I sent those two articles to a friend of mine who is a statistician, and he was absolutely flabbergasted that they got away with that kind of shoddy testing.
*sigh* SSRI's. Always giving psychotropes a black eye and a bad name with a minimum of effort.
I tell you, SSRIs have really f&%*ed me over. I've been over this on the boards before, but I had a couple of bad episodes when I was a kid, and rather than sending me to counseling (exactly what I needed), my doctors doped me up on Mellaril and Lithium (I ditched the Lithium almost immediately, and the Mellaril was eventually changed to Lexapro). A decade later, I have a severe dependence on SSRIs, plus permanent nerve damage. Oh, yeah, and I'm impotent. Thanks, doc.

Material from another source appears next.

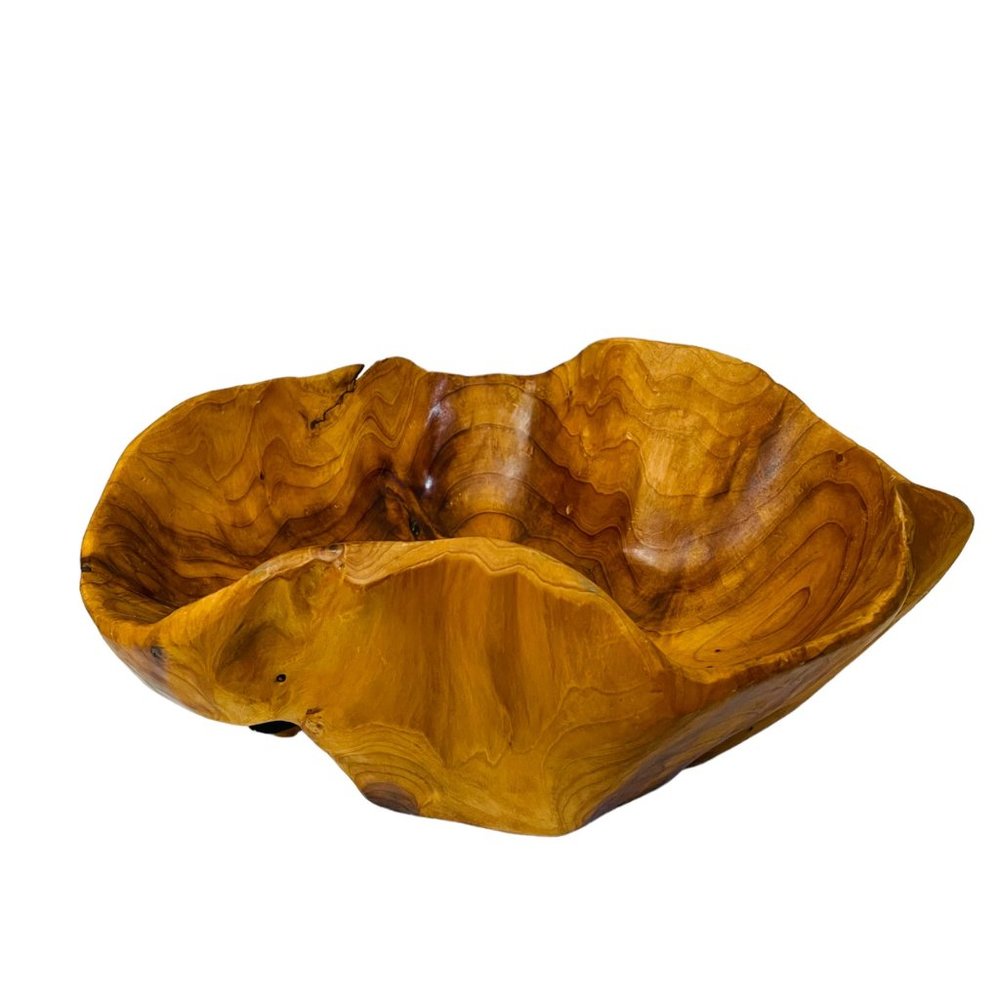 Vintage, teak, wood, serving bowl, hand carved 14" x‎ 10” x 6"
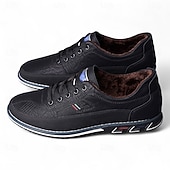 baratos Sapatos Casuais com Cadarço-Tênis masculino preto de couro sintético com forro de pele macia e sola antiderrapante, calçado casual quente para caminhadas no inverno, viagens ao ar livre e uso diário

That's why I feel the article is relevant. I found this passage to be particularly damning:
"...defenders of the drugs scoff at the idea that the FDA would have approved ineffective drugs. (Simple explanation: the FDA requires two well-designed clinical trials showing a drug is more effective than a placebo. That's two, period—even if many more studies show no such effectiveness. And the size of the "more effective" doesn't much matter, as long as it is statistically significant.)"
I sent those two articles to a friend of mine who is a statistician, and he was absolutely flabbergasted that they got away with that kind of shoddy testing.
Why did you drop Lithium? Fear of kidney damage, it didn't work for you, or something else? Just curious.
And why is he so surprised about the FDA? They're okay at screening out potentially deadly side effects, but little else.
Why did you drop Lithium? Fear of kidney damage, it didn't work for you, or something else? Just curious.
And why is he so surprised about the FDA? They're okay at screening out potentially deadly side effects, but little else.
The Lithium turned me into a zombie. Being on it was like a constant out-of-body experience, not quite awake, not quite asleep.
As far as the FDA goes, he's the kind of guy who puts trust in institutions and rules. He's a statistician, after all.
I'm really, really sorry about that first one. When lithium is the answer, it tends to work for many years before you need to find something else.
In terms of the FDA's statutes, there is something I vaguely remember from school that makes some sense. There are a LOT of people out there that the psychopharmacological industry have hurt. And many of these people are very, very smart(or sometimes just determined). If they had a bad experience and the FDA relied on a scale of more people proving a medication works than doesn't, this could cause a problem as people who were screwed over by medication get their degrees and make a career out of debunking various medications with side effects they don't like, which could be potentially devestating for those who rely upon that medication.
However, I do think there should be more than just two tests done to prove a medication "works", and I also think it should be done on a regular basis(at least once every 4 years).